OpenCdA is very disappointed that the Coeur d’Alene City Council was not more deliberative about the Mayor’s proposal.  The Council members represent and to some extent advocate for all the citizens who live and work here — or at least they are supposed to.  We citizens expect Council members to ask appropriate questions that ensure not only public money but private donations entrusted to the City will be lawfully and properly spent.

We wish the Mayor and Council would have been open-minded enough to seek public input.  We offered ours anyway in earlier posts on April 25 and 27.

But clearly the Mayor’s and Jon Mueller’s focus was on the design of the National Law Enforcement Officers Memorial in Washington, DC.  That’s fine … for a start.

We wish while they were in DC, they had driven out the GW Parkway to suburban Virginia to see the CIA Memorial Wall and to better understand and hopefully feel the emotional impact of its simplicity and dignity.

Cia-memorial-wall

We wish they had gone south to the Eglin Air Force Base near Valparaiso, Florida, to observe the EOD Memorial Wall and understand how the US military services honor the memory of military explosive ordnance disposal (EOD) technicians who graduated from the United States EOD School and died on active duty while performing an EOD mission.

And on their way home, we wish the Mayor and Mueller had stopped in Oklahoma City, Oklahoma, to see the Oklahoma City National Memorial.  Each of its chairs commemorates one and sometimes two people who died in the April 19, 1995, bombing of the Alfred P. Murrah Federal Building.  We wish our Mayor and Mueller had taken the time to stop there and learn about the careful and sensitive thought and preparation and planning that created the memorial “… to remember those who were killed, those who survived and those changed forever.

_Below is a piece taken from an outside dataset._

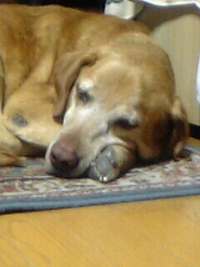 名前 2007/05/29 22:46:22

May all who leave here know the impact of violence. May this memorial offer comfort, strength, peace, hope and serenity.”

2 Comments

  1. Please understand I believe that a nice sober memorial to honor those that have fallen in service of the county the city and those from the area that died in service to the country would fit and be a welcome addition to the park. Something that was planned from the beginning for that purpose alone.
    However what the parks dept. and the mayor is proposing is just REMAKE of a failed attempt to put something back that was turned down in the original compromise to cut the cost of the park.
    I can see reintroducing the project as monies come available but to do so using the death of Officer Moore as a pretext is just about as reprehensible and dishonest as anything can be.
    As for taxpayer money being used, it already has and as expenditure, I don’t recall the council approving.
    What will happen next is after a set time and the full funding has not materialized the city bank/LCDC will step to the plate claiming that it is not city money and complete the project.

    Comment by Mike Teague — May 24, 2016 @ 10:38 am

  2. Mike,

    Thank you for your comment.

    Although we don’t know how much Greenwood paid Mueller for the design work done so far, I imagine Greenwood has some not-to-exceed figure in the Parks budget that allows him to spend up to that amount without Council’s specific approval. But if I heard correctly during the General Services and Council meetings, one or more City employees or officials traveled back to DC to look at the National Law Enforcement Memorial. If so, did those transportation and lodging expenses come out of the Parks budget or was it from a separate City fund?

    If for whatever reason our City’s representatives could only visit one memorial, I wish it had been the Oklahoma City National Memorial & Museum rather than the National Law Enforcement Officers Memorial in DC. I think it is very likley that representatives of the Oklahoma City Memorial task force, and particularly the Archives Subcommittee, would have been happy to enlighten and educate them about the history and mission of the Oklahoma City National Memorial. Our City’s representatives might have benefited from the “sensitivity training.”